#### [Supplied information]
*** Block opens ***

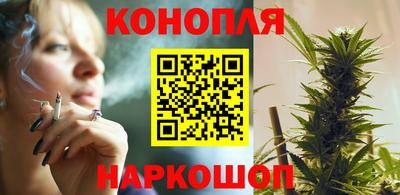 PSILOCYBIN Новодвинск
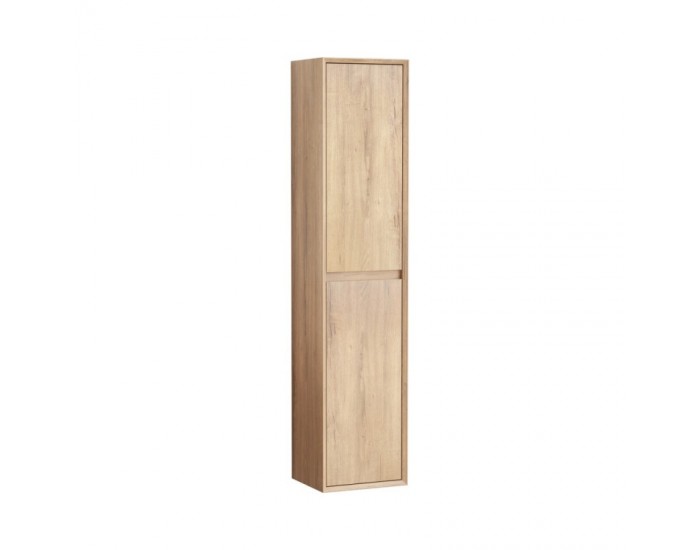Колона за баня ICP 35160WOODEN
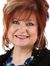 Shirley Draper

*** Block closes ***

#### [What this task involves]
Word for word, quote the full listing, omitting every picture.

#### [Result of the task]
 PSILOCYBIN Новодвинск
Колона за баня ICP 35160WOODEN
 Shirley Draper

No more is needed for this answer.